9 thoughts on “Biography

  1. Hello Dennis,

    We met at RavenCon 13.5. We were on a Rewriting panel together and you Bud and I had lunch together and chatted about writing. I run the Agile Writers Conference every year and I’d like to invite you to speak at our conference on January 26th. I hope you’ll write back and are interested in participating.

  2. Many years ago I read Wilderness. When I finished it, I put it away in my bookshelf. Several years later as I was organizing my shelf, I saw it and decided to read it again (something I rarely do). Again, I was captured by the atmosphere, story, characters! So, I read it again. It was even better! Well, guess what! I found it and am reading it again. Thank you Mr Danvers for so many hours of pleasurable reading. Here I go, into the Wilderness again.

    • I almost missed this! I’m afraid I’ve been neglecting my website. It brings me joy to know a book I wrote almost 30 years ago still brings someone pleasure. You’ve made my day.

  3. I’m about to begin End of Days after finishing Circuit of Heaven and I can’t express how much I loved the first novel and your blessed writing. I can’t wait to devour all of your short stories and novels! As a hobbyist writer with so much passion for the craft, it’s authors like you that are great titans providing so much inspiration to your readers and fans! Thank you for sharing your stories with the world!

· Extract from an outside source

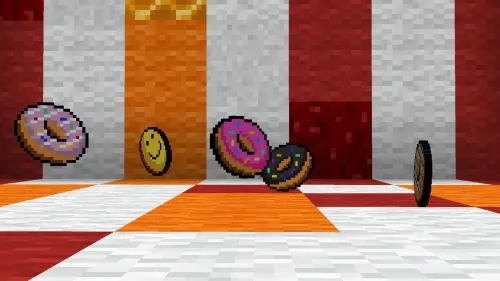 L1mDonutPack — Minecraft resurs pak, rasm 1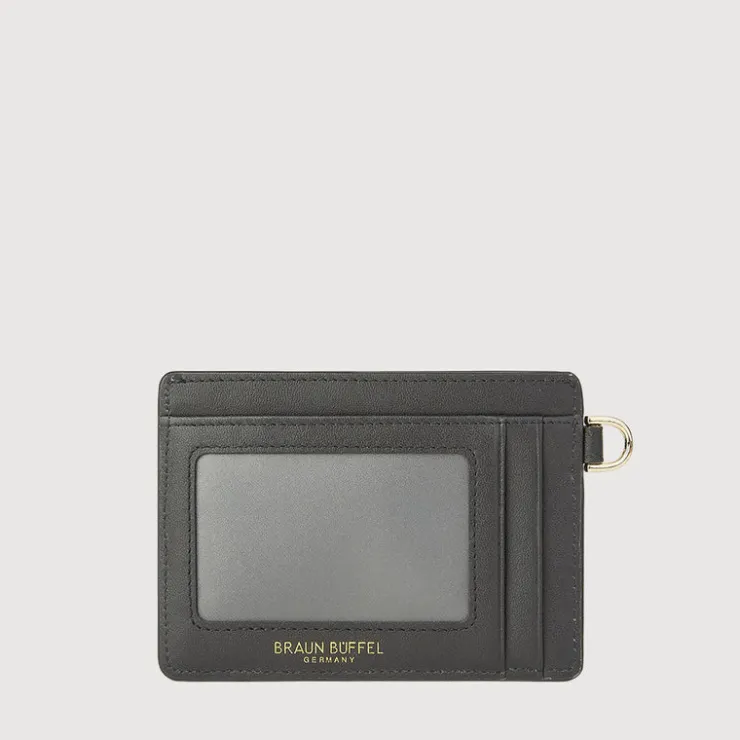 Women Braun Büffel Lanyards | Wallets & Small Leather Goods>CEDORE LANYARD WITH PASSHOLDER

  4. I looked for an address to send a postcard to tell you that The Watch was a wild and incredible and being from Virginia, it is even more exciting. I’d love to share more or mail some post if you have the time to email me back! Thanks!!

  5. Just finished Wilderness and wanted to express my appreciation for the book. Fun plot and a thoroughly enjoyable read during our extended stay at home period here in New York.

    • Sorry it’s taken so long for me to see this! Thank you so much. It’s quite delightful that someone can still enjoy a novel I wrote thirty+ years ago!